In this vignette, we will demonstrate how the checkerboard parameters \(m\) can be used to produce an efficient meta-model. We will construct \(m\)-randomized checkerboard copulas, and based on some fit statistics we will then combine them in a convex mixture. Our model here will use all possibles \(m_i\)’s values for checkerboard copulas and aggregate all those values by optimizing a quadratic loss under resampling condition. As usual, we will work on the LifeCycleSavings dataset :
set.seed(1)
df <- apply(LifeCycleSavings,2,rank)/(nrow(LifeCycleSavings)+1)
d = ncol(df)
n = nrow(df)
nb_replicates = 20 # number of replication of the resampling.

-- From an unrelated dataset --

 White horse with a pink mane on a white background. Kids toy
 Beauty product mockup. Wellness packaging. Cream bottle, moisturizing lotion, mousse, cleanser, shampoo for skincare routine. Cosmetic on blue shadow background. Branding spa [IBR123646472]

nb_fold = 5 # "k" value for the k-fold resampling method.
nb_cop = 50 # the number of m-randomized checkerboard copulas we will test.
pairs(df,lower.panel = NULL)
The following functions proposes a fit :
make_k_fold_samples <- function(data,k = nb_fold,n_repeat = 1){
sapply(1:n_repeat,function(n){
# shuffle data :
data <- data[sample(nrow(data)),]
# create k folds :
folds <- cut(seq(1,nrow(data)),breaks=k,labels=FALSE)
sapply(1:k,function(i){
test_index <- which(folds==i,arr.ind=TRUE)
return(list(train = data[-test_index,],
test = data[test_index,]))
},simplify=FALSE)
})
}
build_random_m <- function(how_much=1,dim = d,nrow_data){
t(sapply(1:how_much,function(i){
m_pos = (2:nrow_data)[nrow_data%%(2:nrow_data)==0]
sample(m_pos,d,replace=TRUE)
}))
}
build_all_checkerboard <- function(sampled_data,m){
lapply(sampled_data,function(d){
apply(m,1,function(m_){
cbCopula(x = d$train,m = m_,pseudo=TRUE)
})
})
}
samples <- make_k_fold_samples(df,k=nb_fold,n_repeat=nb_replicates)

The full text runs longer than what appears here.